Still, for most on Heritage Road, life is good–particularly for those who already own a piece of the Billerica rock. For them, worries mostly concern the future. The Theofilous are anxious about the high cost of their kids’ college education, but their oldest child is only 11; they still have time to put money aside. JoAnne Giovino worries whether her children will ever be able to buy houses of their own, but that, too, seems a long way off: Her younger daughter just got her driver’s license, after all. Providing for their elderly parents may be more pressing, but the Giovinos feel ready to cope with that, when it comes. Darren Chirichetti is concerned about retirement, but that’s 24 years from now, and he’s saving, making plans. For these families, Heritage Road is as good a place as any to prepare for the future.
But one family once of Heritage Road got their leg up on the future elsewhere. When CommonWealth visited Joe and Debra Timmins back in 1996, they were “struggling to stay in the middle class” in a Heritage Road house that had turned into a “money pit.” Not long afterward, just $300 to their name, the thirty-something couple and their two kids pulled up stakes and moved to Amish country so Debra could go to theological school.

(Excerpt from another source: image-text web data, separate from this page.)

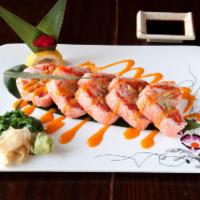 Magic Roll · 10 pieces. Spicy crunch tuna, kani, shrimp avocado and masago wrapped with soy bean seaweed.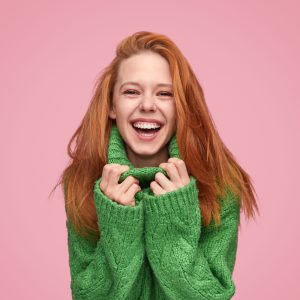 Modern ginger woman cuddling in cozy green sweater and laughing at camera on pink background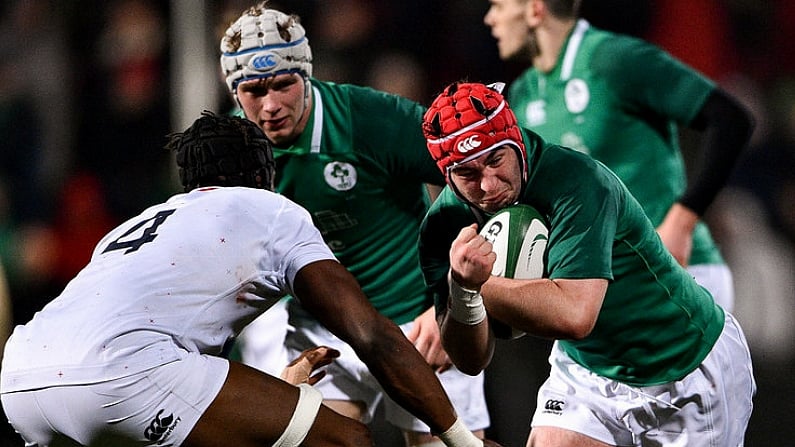 1 February 2019; John Hodnett of Ireland is tackled by Joel Kpoku of England during the U20 Six Nations Rugby Championship match between Ireland and England at Irish Independent Park in Cork. Photo by Matt Browne/Sportsfile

“We were just squeaking by in Billerica,” admits Debra. They did have one asset: their Heritage Road house, which they sold at a modest profit, just as house prices were beginning their upward climb. It was enough to pay their debts and Debra’s tuition at a United Church of Christ seminary. In Pennsylvania, Joe landed a job at small software company. And the family was able to live in a four-story rowhouse, in a block of houses owned by the seminary; their rent: $550 a month. They could breathe again.
Today, after close to four years in Lancaster, the couple are living comfortably on Joe’s income and putting money away. Debra graduates this spring, and the family is planning to move back to Massachusetts, to be close to Joe’s mother.
Debra has “high hopes” of finding a ministerial “call”–and more–in Massachusetts. Debra jokes that she went into the ministry “for God and the parsonage,” so “we’re hoping parsonage,” she says. Joe already has a lead on a job with a small start-up company here. Should all that work out, they’ll be returning to the Bay State with two incomes. If there is no parsonage in Debra’s future, however, they’ll have to deal with the steep rise in house prices since their departure.
Still, had they stayed on Heritage Road and had Debra gone to theological school in Massachusetts, she says, “We would have been up to our eyeballs in debt.” Instead, the Timminses, who graced the cover of CommonWealth’s first issue, will get the chance to return and start over, financially secure–and with hopes for upward mobility–thanks to their time away.Neil Miller teaches journalism at Tufts University. His most recent book is Out of the Past: Gay and Lesbian History from 1869 to the Present.